PROBLEM DETAILS: Copy out the data below from the line containing "I Love the Drums" to the line containing "Gorenje NRK619EPXL4 NoFrost", both lines included, with all images left out.

INPUT:
···

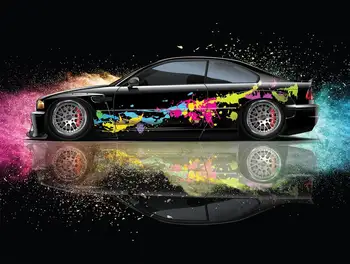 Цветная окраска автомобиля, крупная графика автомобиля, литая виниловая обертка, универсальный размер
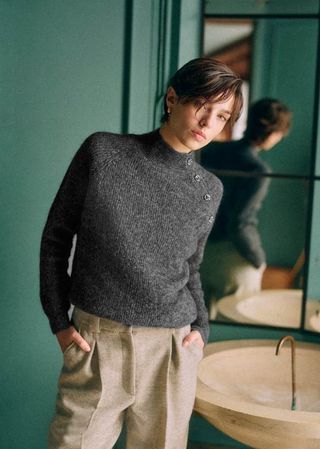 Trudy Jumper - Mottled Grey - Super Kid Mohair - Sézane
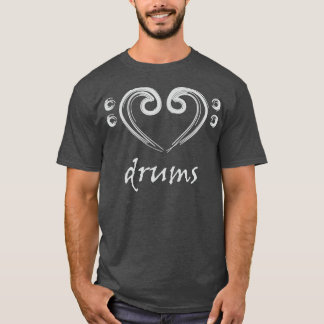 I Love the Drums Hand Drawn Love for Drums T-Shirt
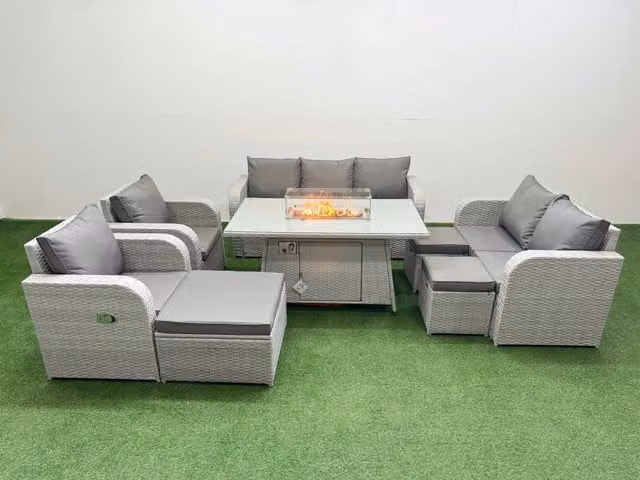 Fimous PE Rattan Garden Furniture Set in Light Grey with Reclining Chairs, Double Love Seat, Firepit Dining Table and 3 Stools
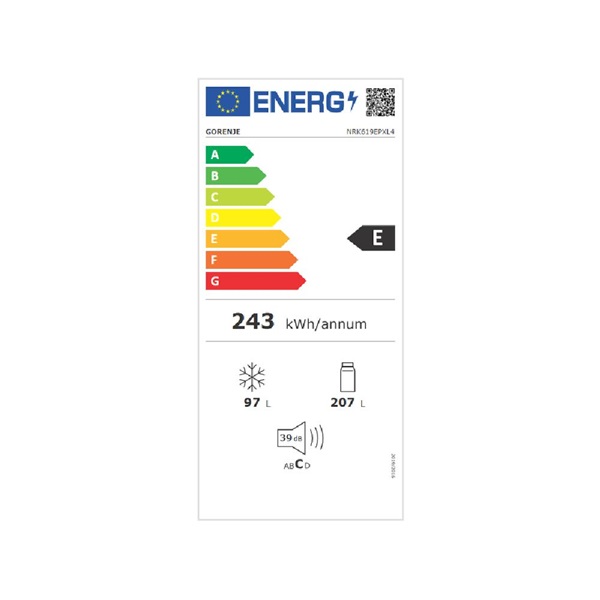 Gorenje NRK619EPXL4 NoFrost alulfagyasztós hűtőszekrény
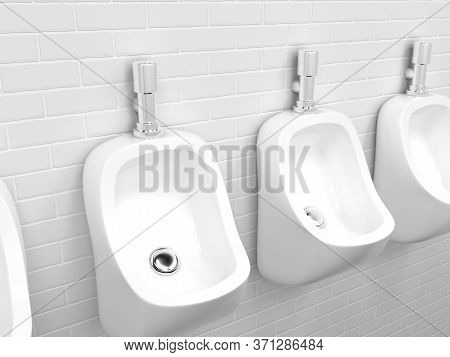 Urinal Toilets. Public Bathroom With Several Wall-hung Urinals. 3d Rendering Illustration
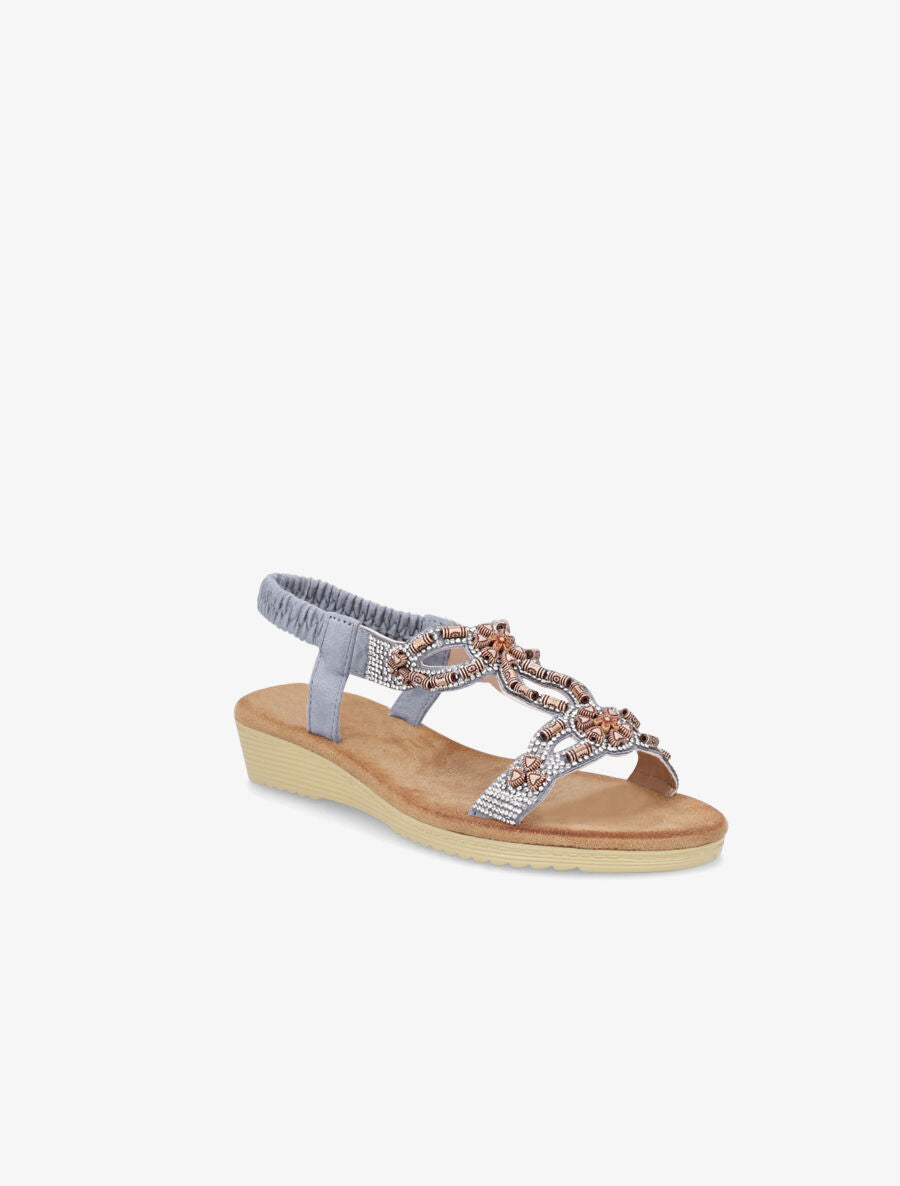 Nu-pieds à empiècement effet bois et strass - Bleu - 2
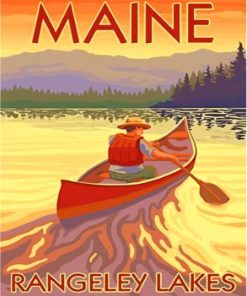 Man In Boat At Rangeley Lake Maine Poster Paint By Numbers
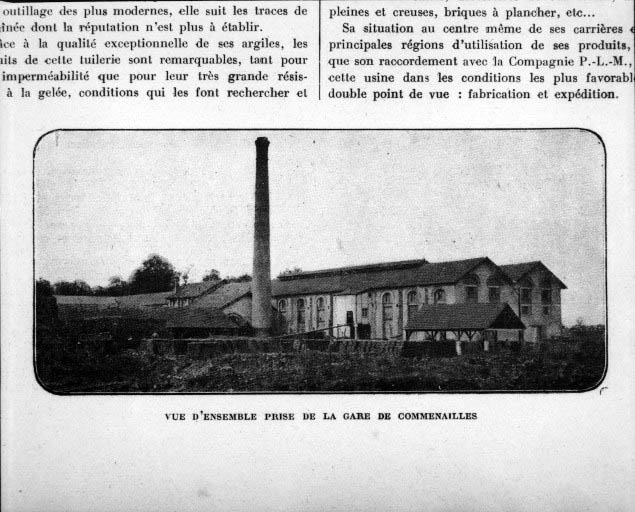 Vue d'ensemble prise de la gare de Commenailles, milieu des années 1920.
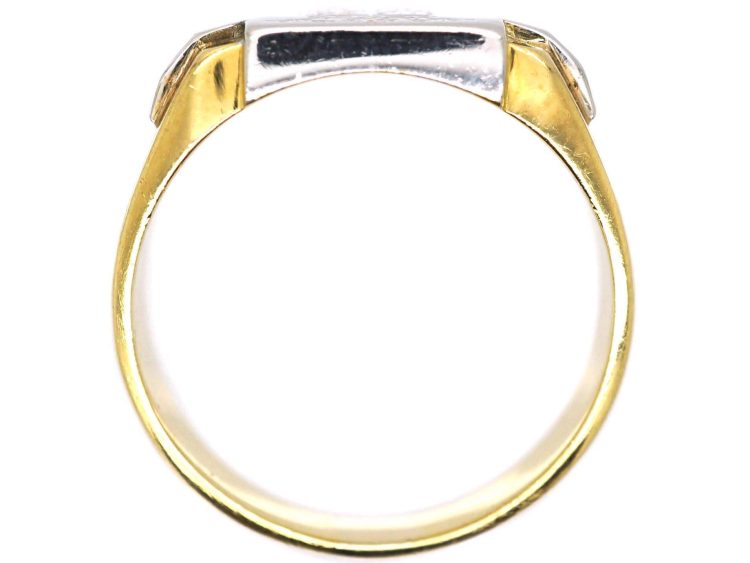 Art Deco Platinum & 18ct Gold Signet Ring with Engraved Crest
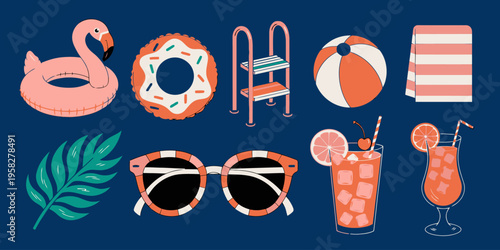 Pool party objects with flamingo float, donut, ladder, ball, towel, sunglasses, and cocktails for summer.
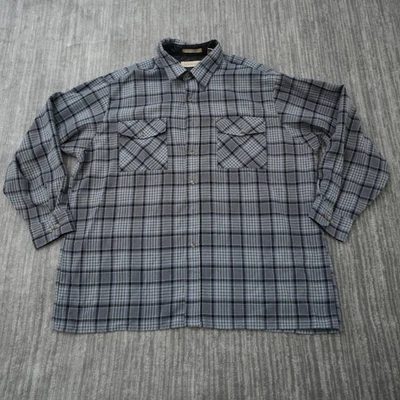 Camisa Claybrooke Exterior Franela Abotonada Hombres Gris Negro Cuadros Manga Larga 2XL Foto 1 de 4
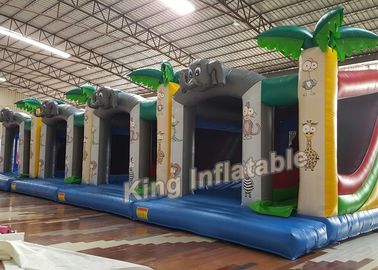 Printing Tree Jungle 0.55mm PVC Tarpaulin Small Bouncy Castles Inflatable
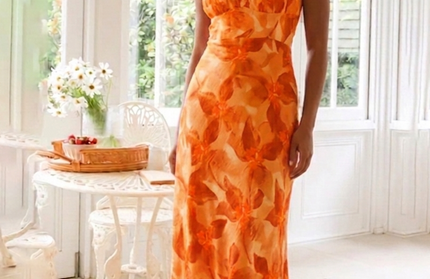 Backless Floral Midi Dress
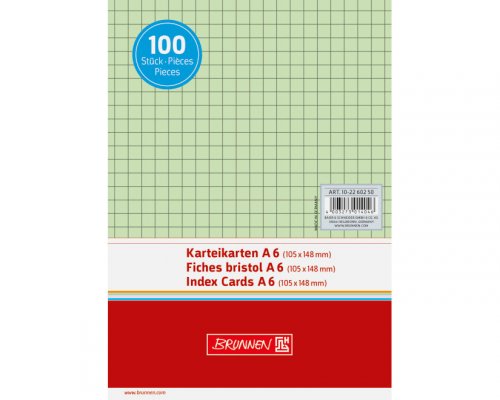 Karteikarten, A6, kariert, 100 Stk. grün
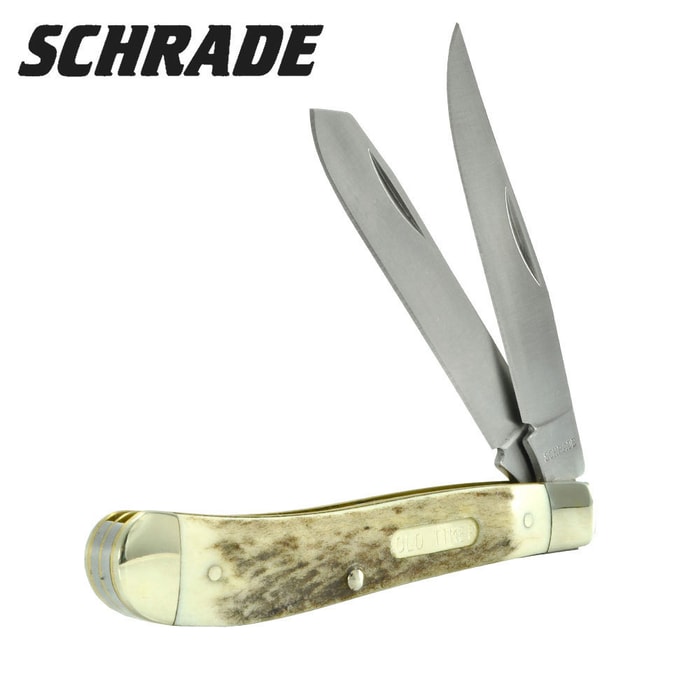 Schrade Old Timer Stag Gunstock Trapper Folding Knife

···

SOLUTION:
 I Love the Drums Hand Drawn Love for Drums T-Shirt
 Fimous PE Rattan Garden Furniture Set in Light Grey with Reclining Chairs, Double Love Seat, Firepit Dining Table and 3 Stools
 Gorenje NRK619EPXL4 NoFrost alulfagyasztós hűtőszekrény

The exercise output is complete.